> **ACTIVITY**: Give again only the lines from the line that holds "Dark blue Ancient" to the end of the data, inclusive, omitting all pictures.

> **Short text fragments from websites**:
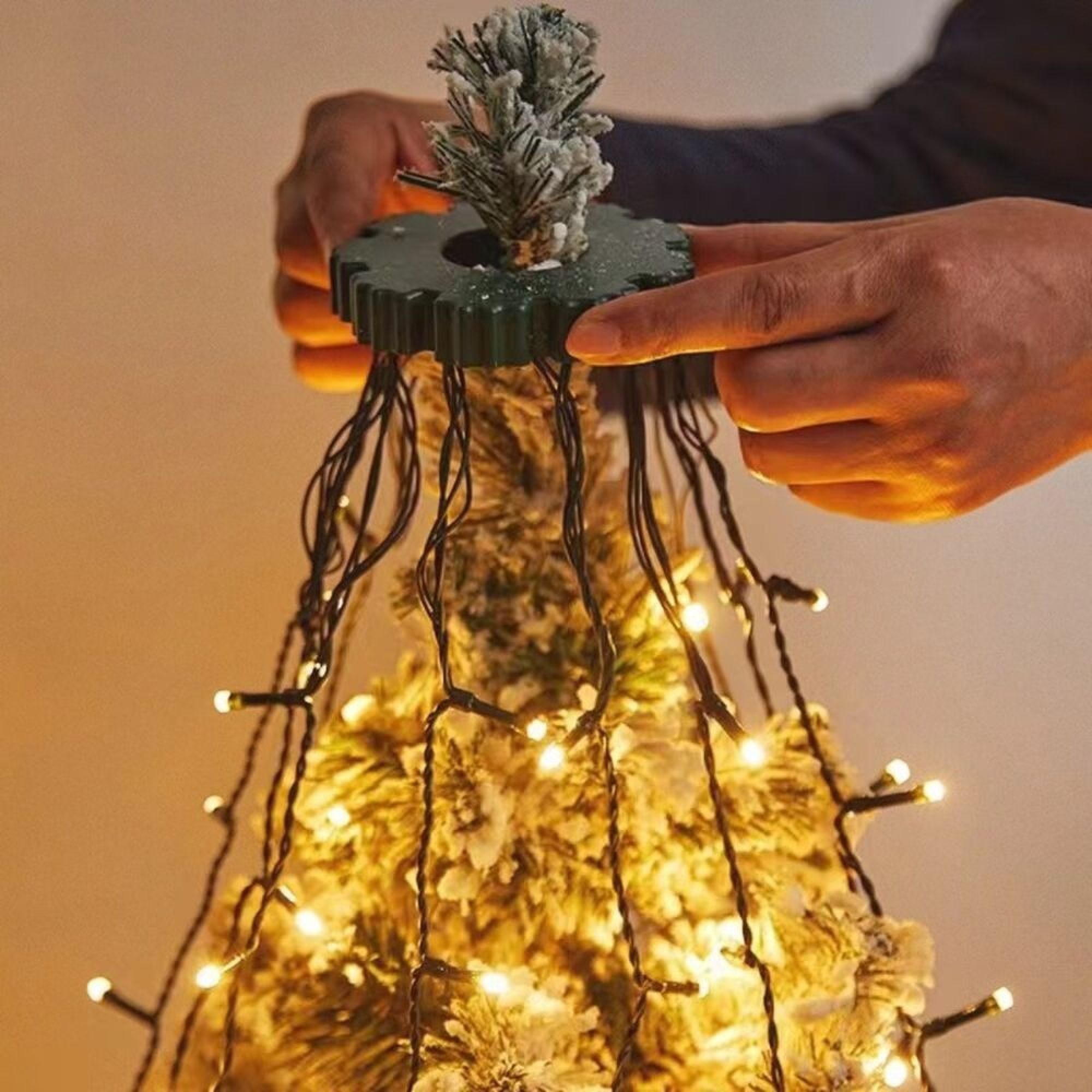 Hände platzieren einen grünen Ring mit hängenden Lichterketten auf der Spitze eines Weihnachtsbaums.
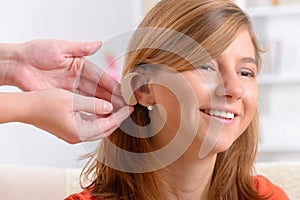 Woman wearing deaf aid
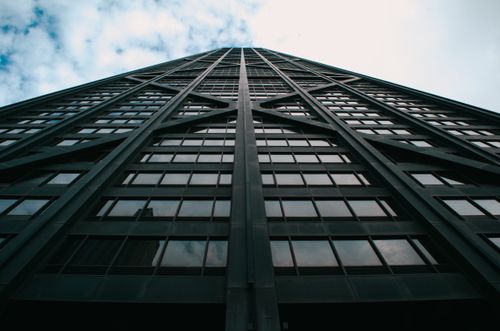 Free An upward perspective of a modern glass skyscraper against a cloudy sky in downtown Chicago. Stock Photo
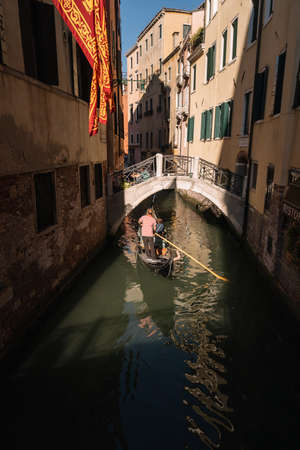Venice, Italy - August 14, 2016: Gondolier and tourists on the Canal of Venice, Italy.のeditorial素材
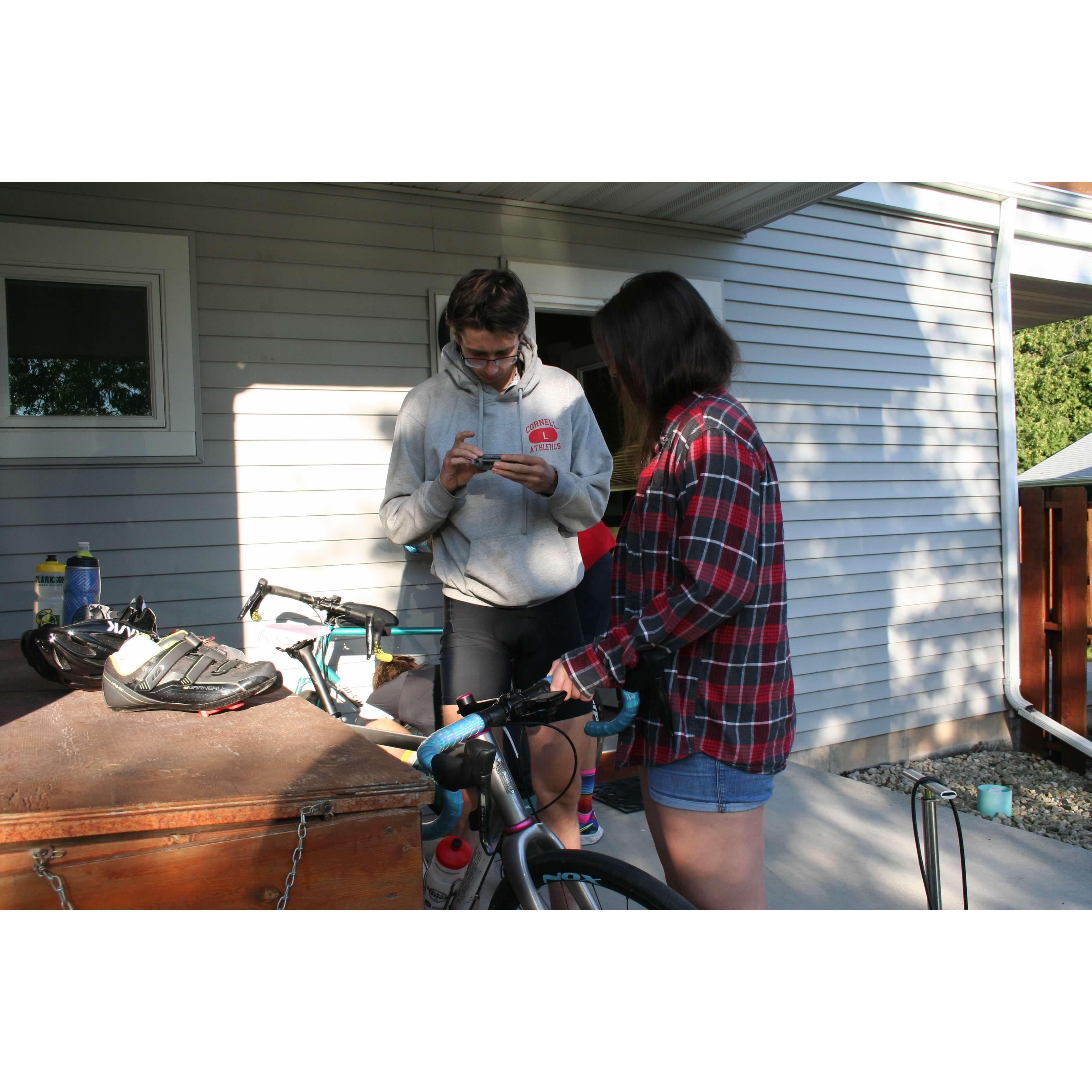 Gideon bikes, and Mackenzie pretends to help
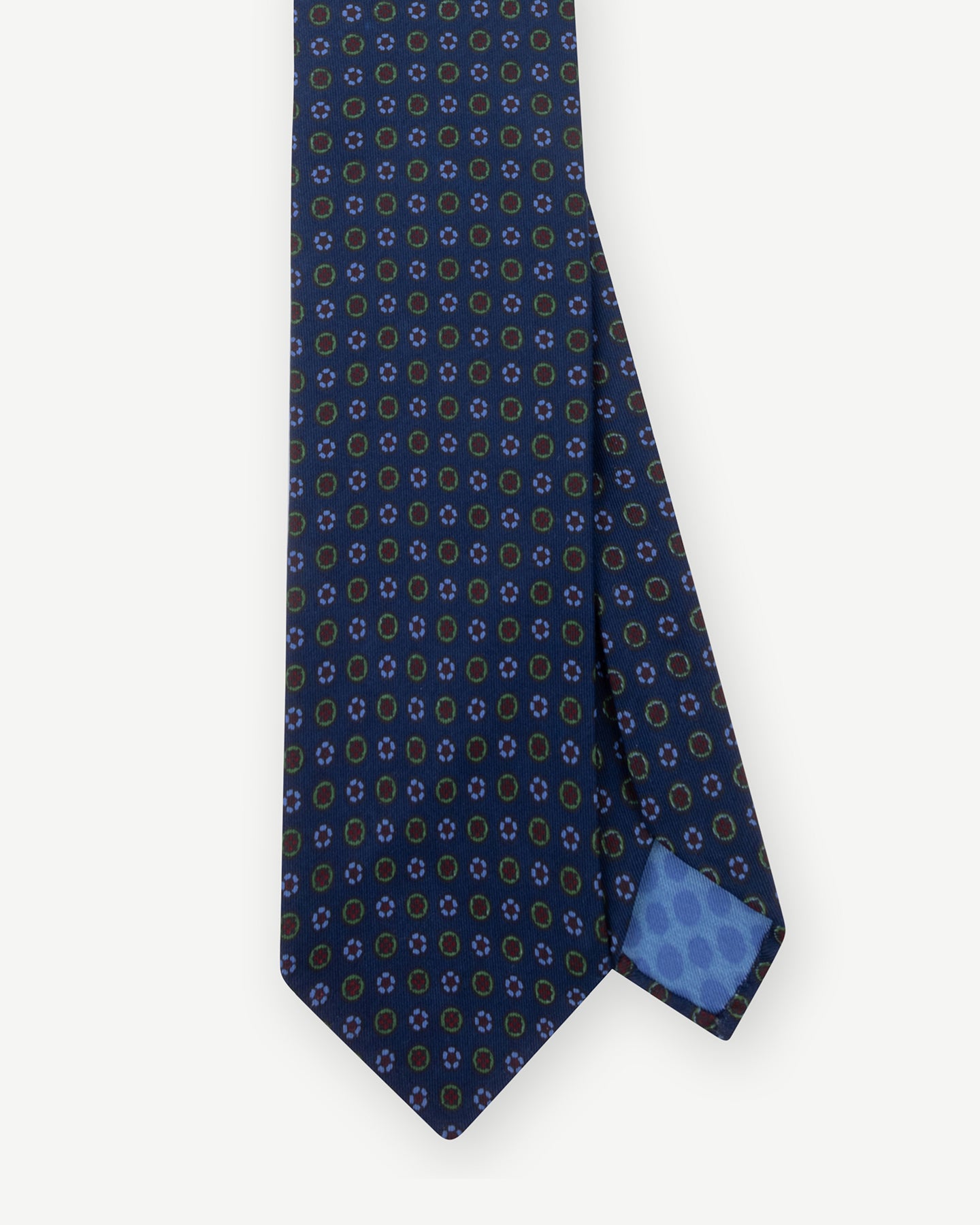 Dark blue Ancient Madder tie with small floral pattern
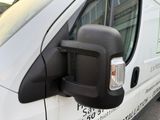 an image of a side view mirror of a van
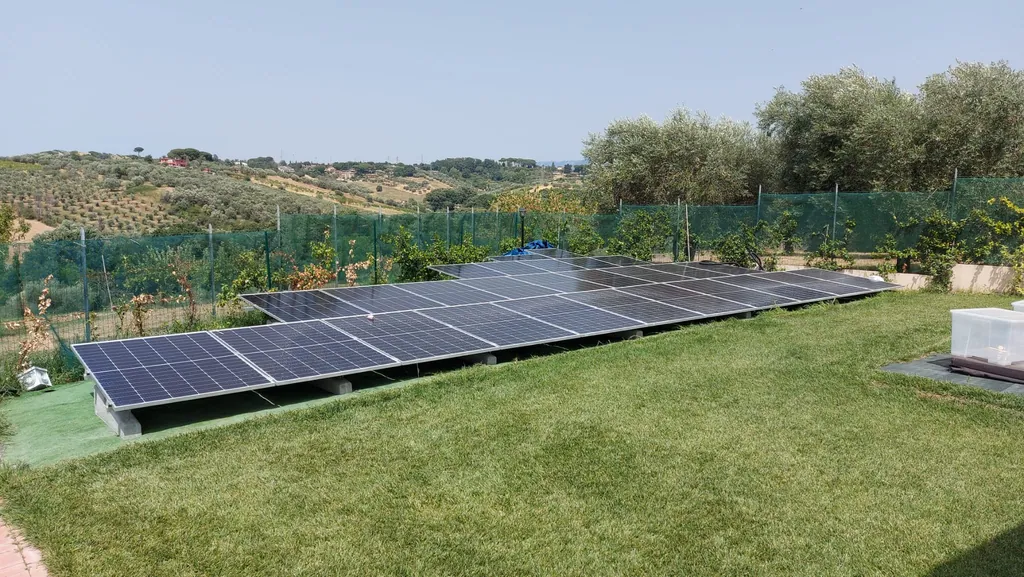 Impianto fotovoltaico con pannelli posati a terra in un’area verde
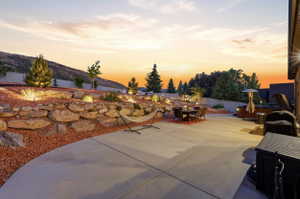 Expansive concrete patio with a tiered rock retaining wall and integrated landscape lighting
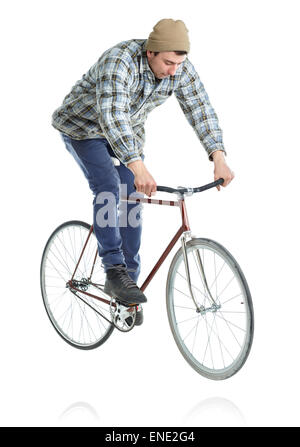 Junger Mann macht Tricks mit dem Fahrrad auf weißem Hintergrund Stockfoto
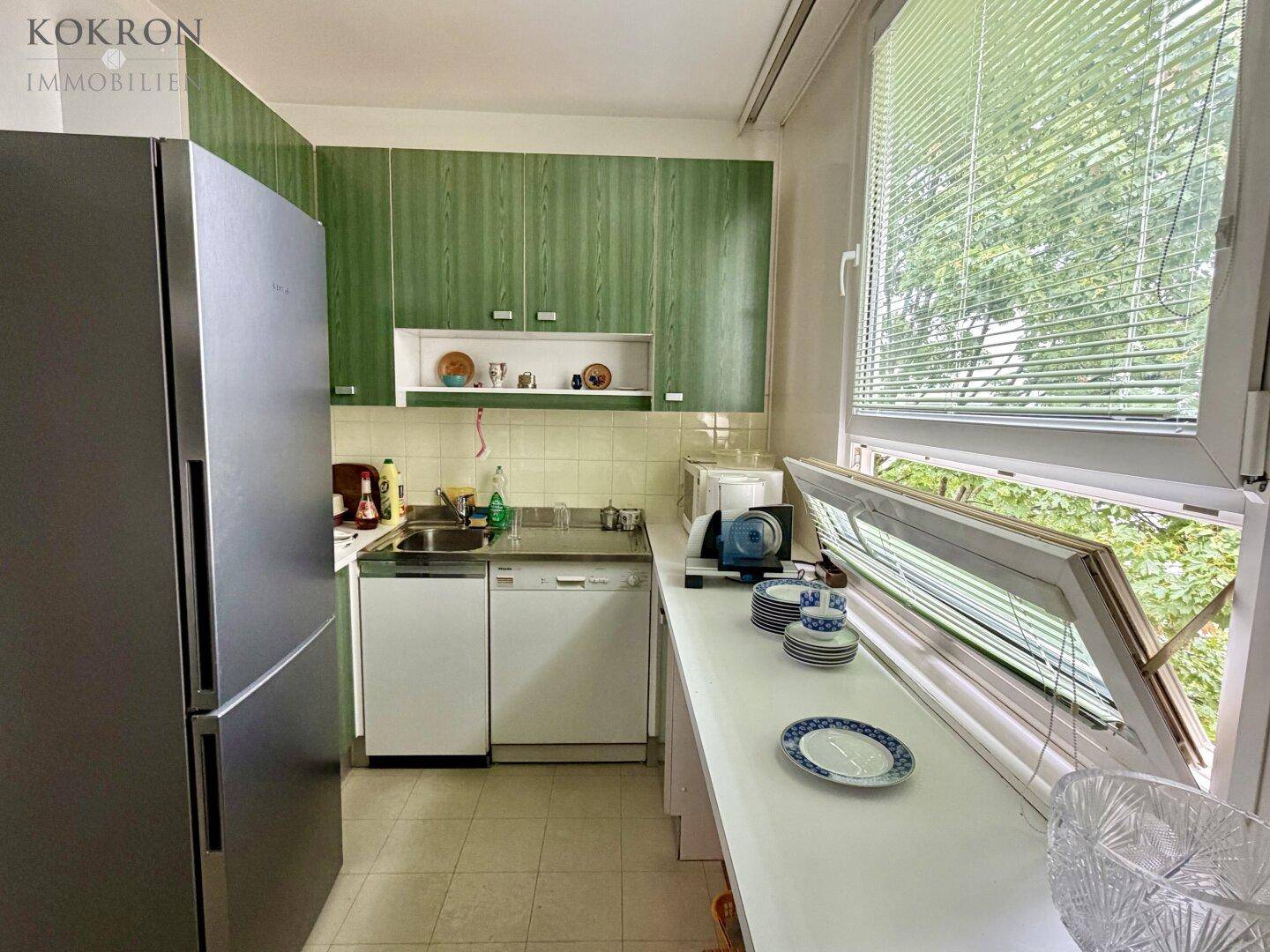 Küche mit grünen Holzschränken, integriertem Geschirrspüler und Kühlschrank, mit Fenster.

> **ANSWER SPACE**:
 Dark blue Ancient Madder tie with small floral pattern
 an image of a side view mirror of a van
 Impianto fotovoltaico con pannelli posati a terra in un’area verde
 Expansive concrete patio with a tiered rock retaining wall and integrated landscape lighting
 Junger Mann macht Tricks mit dem Fahrrad auf weißem Hintergrund Stockfoto
 Küche mit grünen Holzschränken, integriertem Geschirrspüler und Kühlschrank, mit Fenster.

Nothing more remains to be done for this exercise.